Stefan Laurin hat Recht, das TV-Duell war eines: langweilig. Aber da hört auch schon fast meine Zustimmung mit ihm und seinem „Weitermachen!“ auf. Ich wünsche mir wieder Politik und Kontroverse – beides ist von einer Fortsetzung des GroKodils nicht zu erwarten.

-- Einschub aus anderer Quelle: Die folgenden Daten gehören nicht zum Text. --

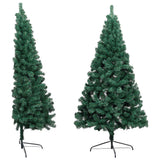 Vidaxl Kunstkerstboom mit Beleuchtung und Weihnachtsbällen halb 240 cm Grün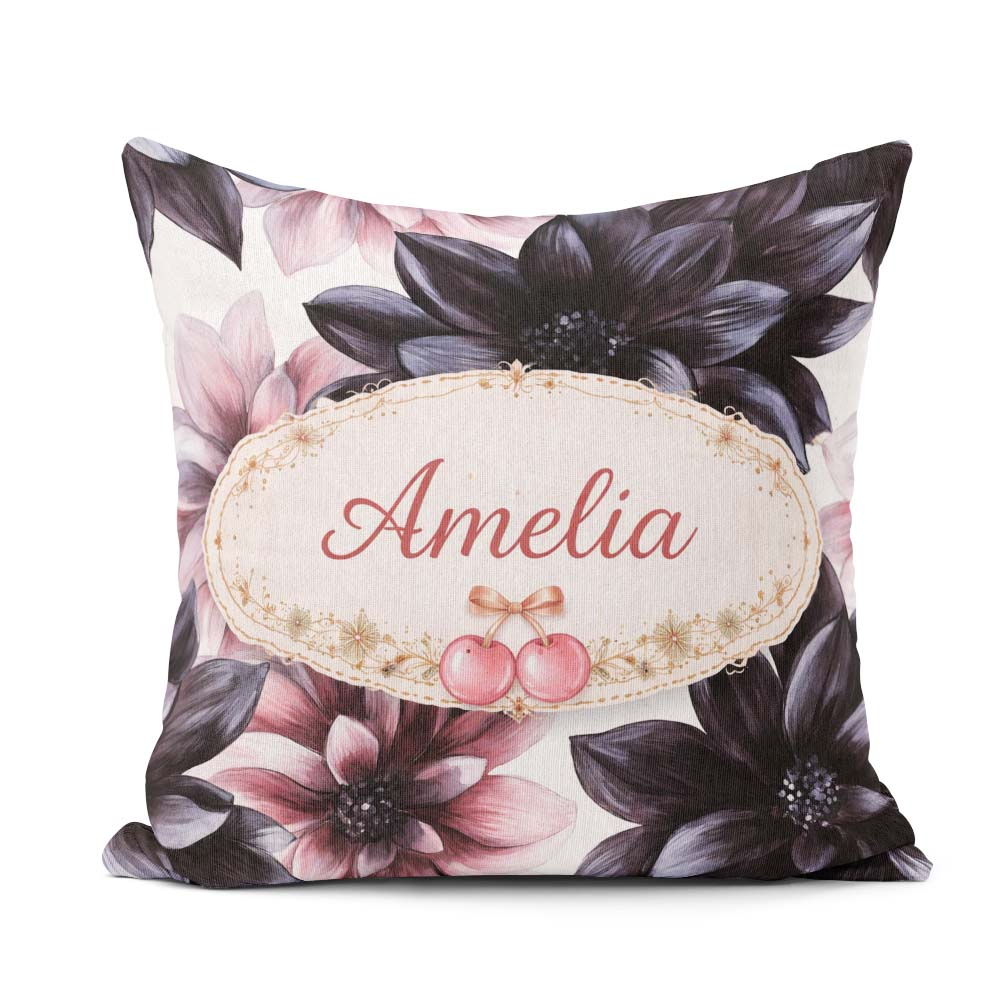 Custom Name Dark Gothic Floral Dahlia Black Pink Elegant Pattern Square Filled Cushion Throw Pillow Sofa Bed Home Decor Zip Washable UK Made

Schulz war gewohnt einschläfernd und pseudo, pseudo-lustig, pseudo-angriffslustig, pseudo-volksnah, pseudo-dankbar. Er besitzt den Charme eines Finanzbeamten nach zwei Pils und einem Korn, und man ist dankbar, dass es nicht mehr ist, weil der dann immer so nah kommt und erzählt, was er alles dem Heiko und dem Sigmar sagen könnte. Schulz liest Sachen, Schulz telefoniert, Schulz geht auf Friedhöfe. Für die Kanzlerschaft ist das alles zu wenig, und Frageeinleitungen mit „Wenn Sie Kanzler wären,…“ hörten sich stets wie Hohn an. Schulz hat keine Machtoption, genauer: keine Kanzlerschaftsoption. Die SPD hat es verpaßt, die bestehende Möglichkeit mit der LINKEN und den GRÜNEN im Bundestag auszuprobieren, oder den Wählern links der Mitte klar zu machen, dass sie bereit wäre, diese Chance zu ergreifen, sollte sie sich bieten. Somit bleibt dann eben nur das GroKodil – und Schulz hofft auf eine Präsidentschaft nach Steinmeier.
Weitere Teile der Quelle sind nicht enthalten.